# High blood pressure and methyldopa



## Dinah93

I was put on methyldopa at 6 weeks pg as my bp shot up to 160/128, I'm on 250mg 4x daily. Now 10 weeks later it seems to be rising again despite still being on the methyldopa and it's measuring around 150/105. I'm getting headaches, swollen fingers and dizzyness. I know methyldopa isn't prescribed long term, is that because it ceases to be effective after a while? I'm back at the hospital consultant in 9 days, but I'm concerned what impact it could be having being this high for over a fortnight. Does anyone have any experience?


----------



## miaplus2

it was a while ago but when i was told i had high DP with my last, i was told if i had any of the symptoms you listing or high home DP results to ring my maternal + fetal assessment unit, then id normally have to go in.


----------



## shellshocked

MJust like many drugs it works better for some than for others. One of the reasons it is used only really to treat hypertension in pregnancy is because it causes the least risk to the fetus when compared to other antihypertensives however it is not used very frequently in other situations due to the sideaffects- many of them psychological. Postnatally women are removed from methyldopa due to the fact that it contributes to postnatal depression.
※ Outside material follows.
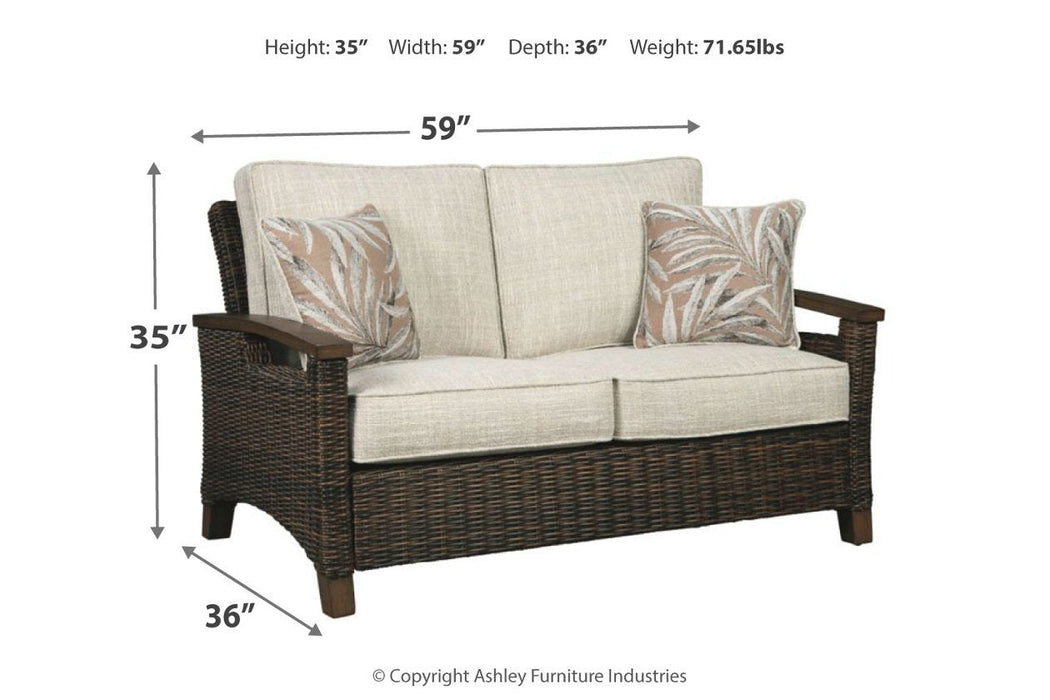 Paradise Trail Medium Brown Loveseat with Cushion - P750-835 - Gate Furniture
It is interesting that you posted this as I've been on it since the start of my pregnancy and have started to feel a bit "down" as well as anxious over things that seem ridiculous. And wondered if anyone else was feeling like this. I couldn't help but think that its due to the medication as opposed to the pregnancy....I'll talk to hospital on Tues... sorry I've hijacked your post!!

*Most importantly.* Any symptoms such as those you describe should be reported to your MW straight away, just give them a ring and see what they say. It could just be boring old pregnancy but also could be related to the BP. Goodluck!


----------



## scotmum35

i was put on methldopa but i had diarrhea for 5 days so my dr took me off it and i was prescribed adalat lA 20mg then it was upped to 40mg then i was changed to fast release adalat ****** ( its a calcium chanel blocker).these dont seem as effective as amias that i was on before i got my bfp but with blood and fluid vlume increasing i was told that towards the middle of tri 2 my bp should drop again.i spent 5 yrs walking round with seriously high bp ie 190/160 and it hasnt damaged my body in any way.
im trying not to worry about having high bp as its not gonna solve anything and my consultant reasurred me pre-existing high bp rarley causes pre-eclampsia.i do really hate the side effects of the meds tho headaches blocked nose dizzy spells.as soon as i deliver i wanna go bk on my reg meds.


----------



## Dinah93

Thanks for the responses. I have rung the maternity and antenatal unit, but being between Christmas and New Year the only part that is open is the delivery suite. I spoke to a midwife there who didn't really know what to advise me to do, so I'm just resting until tomorrow when I plan to go see the midwife and the doctor/hospital to try to get this sorted out. Dizzyness and pounding headache still very much there. 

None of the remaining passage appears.